A partner at a US litigation firm notes that they have received so much AI material that they could only respond to the client at appropriate intervals. And both Addleshaw Goddard and Mishcon de Reya have highlighted this issue at their respective firms, noting the influx in AI-generated correspondence across all practice areas.

Rather than reducing workload, AI in this context is unexpectedly creating a larger amount of work for lawyers. Since lawyers are required to meticulously validate and respond to output that is now likely more verbose and inaccurate, AI is acting as a friction point in the lawyer-client relationship.

Whilst AI is a great consumer-side tool, enabling clients to generate complex output more efficiently, this ease does not translate as well to lawyers who have to bear the cognitive load of identifying subtle errors or hallucinations that are still highly probable with current AI models.

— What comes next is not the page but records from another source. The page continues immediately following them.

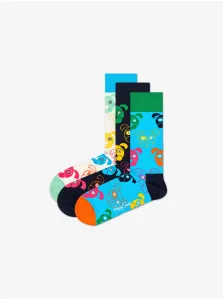 Sada troch párov vzorovaných ponožiek v bielej, čiernej a modrej farbe Happy Socks Dog #702727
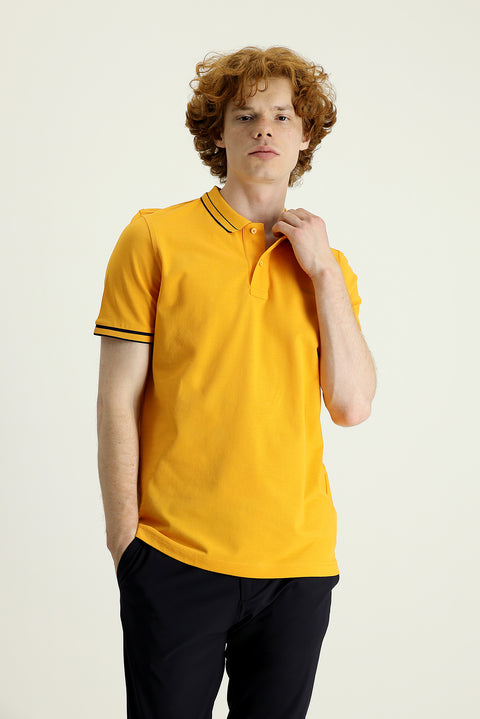 Light Orange Polo Collar Slim Fit Narrow Cut Cotton T-Shirt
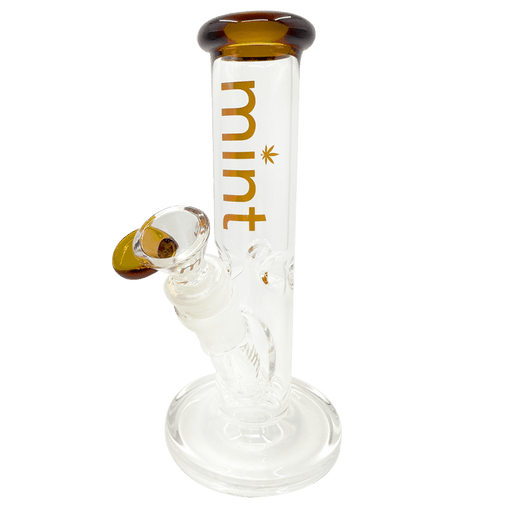 8" Mint Stubby Straight Tube Bong - Amber - Mint Glass Bongs Canada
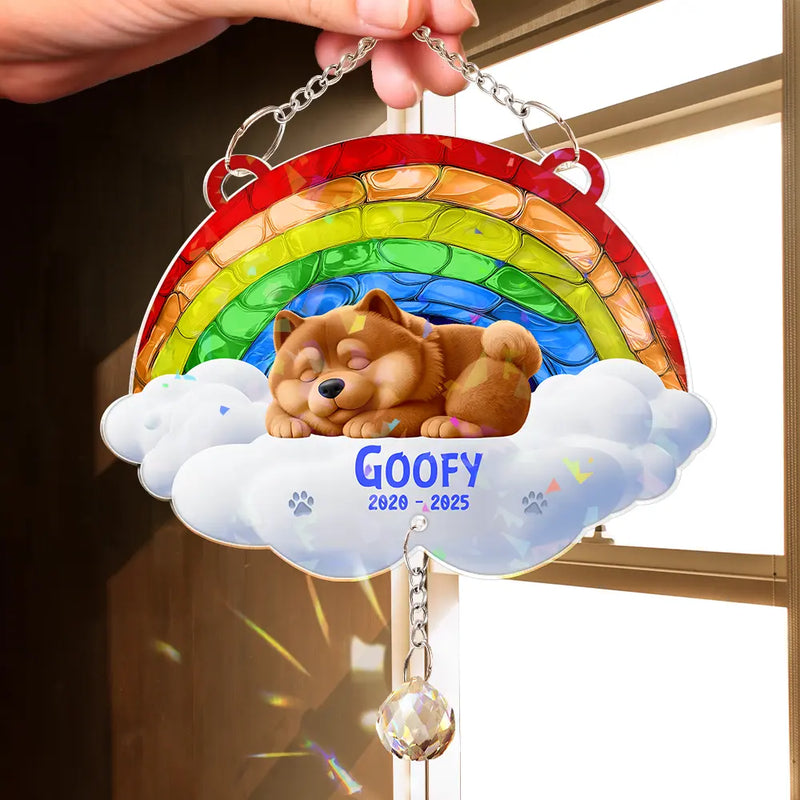 Over The Rainbow Bridge - Personalized Rainbow Suncatcher With Crystal Ball Prism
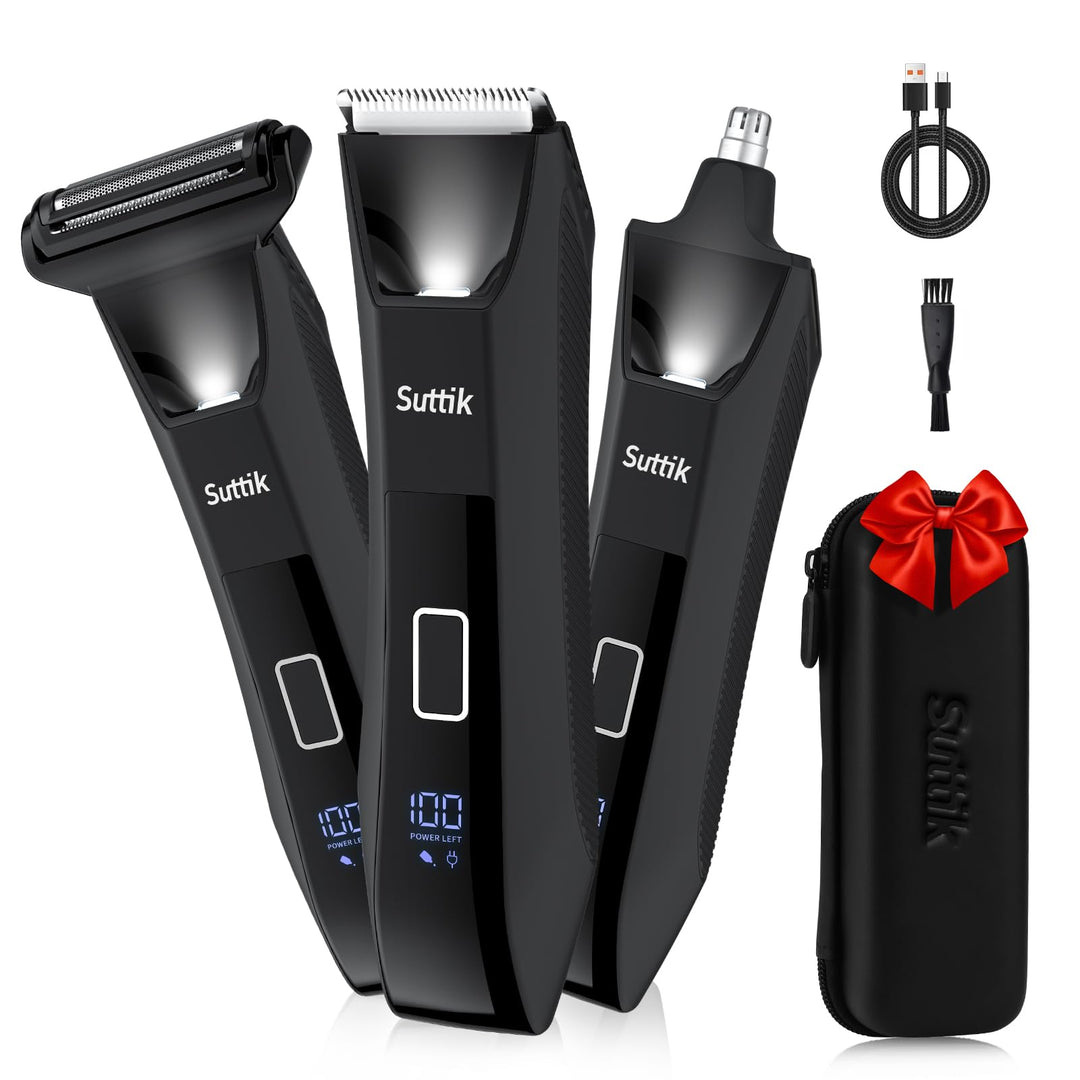 Suttik 3 IN 1 Intimrasierer Trimmer für Männer Körper &amp; Kugelhaartrimmer Nasenhaartrimmer Nass-/Troc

What does this mean for the legal sector?

  • Law firms operating on fixed fee models (charging one amount for a deal no matter how long it takes) will see profits eroded as lawyers are unnecessarily engaged for longer hours.

  • Firms alternatively billing hourly (with the final bill depending on hours spent) are better insulated against this development but might face client pushback if the final bill is too high.

  • The trend will likely accelerate AI adoption at law firms, as developing in-house AI models would efficiently deal with AI material sent over by clients.